Mr Hall, a black man, died shortly after being in police custody and being restrained. The police officers called to give evidence at the inquest into his death applied for anonymity and to give their evidence from behind screens. The anonymity orders were not contested but the applications to give evidence from behind screens were opposed by Mr Hall’s family. 

The basis for the application to give evidence from behind screens was to prevent the officers from being identified, particularly by a Mr Qassim Hall. Qassim Hall is a brother of the Deceased and has a lengthy criminal record. There was evidence before the coroner that the police officers were genuinely fearful of what Qassim Hall might do to them or their families, if they were identified. The coroner therefore allowed the officers to give their evidence behind a screen, such that they were not be seen by the public, including Mr Hall’s family. 

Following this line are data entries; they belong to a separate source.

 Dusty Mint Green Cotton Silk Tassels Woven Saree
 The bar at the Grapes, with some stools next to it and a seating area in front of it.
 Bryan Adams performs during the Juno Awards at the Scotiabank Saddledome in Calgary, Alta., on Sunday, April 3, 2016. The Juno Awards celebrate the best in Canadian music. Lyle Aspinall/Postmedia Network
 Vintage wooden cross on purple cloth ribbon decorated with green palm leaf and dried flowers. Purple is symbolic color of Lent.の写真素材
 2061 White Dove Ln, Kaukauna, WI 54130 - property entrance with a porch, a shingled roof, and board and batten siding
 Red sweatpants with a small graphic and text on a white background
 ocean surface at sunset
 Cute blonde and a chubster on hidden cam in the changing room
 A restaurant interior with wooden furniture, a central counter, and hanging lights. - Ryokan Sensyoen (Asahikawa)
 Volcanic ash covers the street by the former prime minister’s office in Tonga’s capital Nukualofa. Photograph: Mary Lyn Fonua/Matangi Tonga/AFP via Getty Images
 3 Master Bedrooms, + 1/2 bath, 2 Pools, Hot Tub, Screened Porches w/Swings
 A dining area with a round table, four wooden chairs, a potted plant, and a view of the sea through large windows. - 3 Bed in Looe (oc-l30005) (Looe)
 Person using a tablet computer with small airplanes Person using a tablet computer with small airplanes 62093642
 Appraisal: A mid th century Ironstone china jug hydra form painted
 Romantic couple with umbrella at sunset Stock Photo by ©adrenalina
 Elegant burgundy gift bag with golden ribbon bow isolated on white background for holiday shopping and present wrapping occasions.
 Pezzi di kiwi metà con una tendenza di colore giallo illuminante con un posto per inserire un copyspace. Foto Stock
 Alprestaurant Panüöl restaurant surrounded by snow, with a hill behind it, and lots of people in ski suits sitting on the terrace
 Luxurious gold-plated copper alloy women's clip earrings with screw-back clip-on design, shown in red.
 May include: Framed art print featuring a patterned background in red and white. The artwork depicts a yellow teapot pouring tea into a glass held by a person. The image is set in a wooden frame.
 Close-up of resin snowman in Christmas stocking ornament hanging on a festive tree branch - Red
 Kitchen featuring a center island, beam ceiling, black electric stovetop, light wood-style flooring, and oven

Mr Hall’s family alleged that the use of screens was a significant incursion into the principle of open justice which should be no more than was necessary. They argued that observing witnesses was an important part of the investigative process, that preventing the witnesses from being see undermined public confidence in the process, and not being able to see the witnesses reduced the prospect of catharsis for the deceased’s family. 

Jefford J found that the coroner had undertaken too limited a balancing exercise in considering whether to grant the application. She found that the coroner only balanced two considerations – whether the quality of the evidence is likely to be improved by the use of screens against whether the effectiveness of questioning will be impeded by the presence of a screen. She went on to say at [37] that: 

“That, in my judgment, is too limited a balancing exercise. If those were the only factors to be taken into account, it would have the almost invariable consequence that if a witness genuinely expressed fear but the family of the deceased were able to cross examine, screens would be directed. That would not, and in the present case does not, take into account the interest that the public and the family has in seeing those who may be implicated in the death give evidence – an interest the coroner had already recognised – and it takes no account of the fundamental importance of public confidence in the process of the inquest particularly where the death involved raises issues of more general public concern.” 

Jefford J went on to conclude that the coroner’s decision was also irrational. She found that the coroner had failed to consider whether the police officers’ fear of Qassim Hall was valid. She found that the coroner had not considered the nature and context of Qassim Hall’s offences and events since the Deceased’s death. The coroner also failed to consider the risk of anonymity orders being breached by those who may be able to identify the officers. The coroner also did not consider the position if the family (but not the public) were able to see the officers and the attendant risks. Thus the decision to permit screens was quashed but only to the extent that the screens prevented the identified family members from seeing the officers give evidence.